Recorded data

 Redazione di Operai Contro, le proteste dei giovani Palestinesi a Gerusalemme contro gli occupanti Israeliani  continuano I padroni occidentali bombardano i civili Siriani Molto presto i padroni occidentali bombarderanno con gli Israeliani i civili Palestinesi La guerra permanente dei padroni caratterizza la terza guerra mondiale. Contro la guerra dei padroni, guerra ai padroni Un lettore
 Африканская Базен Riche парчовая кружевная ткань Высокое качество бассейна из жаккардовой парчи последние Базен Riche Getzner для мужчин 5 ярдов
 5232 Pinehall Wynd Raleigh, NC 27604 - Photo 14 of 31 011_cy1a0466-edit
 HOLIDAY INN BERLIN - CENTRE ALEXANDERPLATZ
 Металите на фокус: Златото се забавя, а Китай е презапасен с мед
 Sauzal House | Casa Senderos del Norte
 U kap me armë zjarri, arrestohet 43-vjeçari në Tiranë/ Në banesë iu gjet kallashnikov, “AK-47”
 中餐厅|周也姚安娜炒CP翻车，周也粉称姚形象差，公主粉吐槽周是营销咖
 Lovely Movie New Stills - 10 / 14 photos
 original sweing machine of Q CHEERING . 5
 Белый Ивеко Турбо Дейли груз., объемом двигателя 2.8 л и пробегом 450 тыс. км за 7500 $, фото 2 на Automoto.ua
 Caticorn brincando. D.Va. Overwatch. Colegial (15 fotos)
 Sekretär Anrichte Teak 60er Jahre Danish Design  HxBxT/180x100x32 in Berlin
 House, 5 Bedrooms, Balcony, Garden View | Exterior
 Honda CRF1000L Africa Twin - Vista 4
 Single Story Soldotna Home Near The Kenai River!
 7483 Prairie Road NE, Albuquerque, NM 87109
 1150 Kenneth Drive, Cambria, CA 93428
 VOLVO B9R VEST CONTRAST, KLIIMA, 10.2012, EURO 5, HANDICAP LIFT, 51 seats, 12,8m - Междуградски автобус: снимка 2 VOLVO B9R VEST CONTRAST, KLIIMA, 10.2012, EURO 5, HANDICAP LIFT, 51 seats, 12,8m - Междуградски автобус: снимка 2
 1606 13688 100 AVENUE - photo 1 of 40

(ACTION ITEM): Output the entries above exactly, please, with nothing dropped.

(RESPONSE TO THE TASK):
 Redazione di Operai Contro, le proteste dei giovani Palestinesi a Gerusalemme contro gli occupanti Israeliani  continuano I padroni occidentali bombardano i civili Siriani Molto presto i padroni occidentali bombarderanno con gli Israeliani i civili Palestinesi La guerra permanente dei padroni caratterizza la terza guerra mondiale. Contro la guerra dei padroni, guerra ai padroni Un lettore
 Африканская Базен Riche парчовая кружевная ткань Высокое качество бассейна из жаккардовой парчи последние Базен Riche Getzner для мужчин 5 ярдов
 5232 Pinehall Wynd Raleigh, NC 27604 - Photo 14 of 31 011_cy1a0466-edit
 HOLIDAY INN BERLIN - CENTRE ALEXANDERPLATZ
 Металите на фокус: Златото се забавя, а Китай е презапасен с мед
 Sauzal House | Casa Senderos del Norte
 U kap me armë zjarri, arrestohet 43-vjeçari në Tiranë/ Në banesë iu gjet kallashnikov, “AK-47”
 中餐厅|周也姚安娜炒CP翻车，周也粉称姚形象差，公主粉吐槽周是营销咖
 Lovely Movie New Stills - 10 / 14 photos
 original sweing machine of Q CHEERING . 5
 Белый Ивеко Турбо Дейли груз., объемом двигателя 2.8 л и пробегом 450 тыс. км за 7500 $, фото 2 на Automoto.ua
 Caticorn brincando. D.Va. Overwatch. Colegial (15 fotos)
 Sekretär Anrichte Teak 60er Jahre Danish Design  HxBxT/180x100x32 in Berlin
 House, 5 Bedrooms, Balcony, Garden View | Exterior
 Honda CRF1000L Africa Twin - Vista 4
 Single Story Soldotna Home Near The Kenai River!
 7483 Prairie Road NE, Albuquerque, NM 87109
 1150 Kenneth Drive, Cambria, CA 93428
 VOLVO B9R VEST CONTRAST, KLIIMA, 10.2012, EURO 5, HANDICAP LIFT, 51 seats, 12,8m - Междуградски автобус: снимка 2 VOLVO B9R VEST CONTRAST, KLIIMA, 10.2012, EURO 5, HANDICAP LIFT, 51 seats, 12,8m - Междуградски автобус: снимка 2
 1606 13688 100 AVENUE - photo 1 of 40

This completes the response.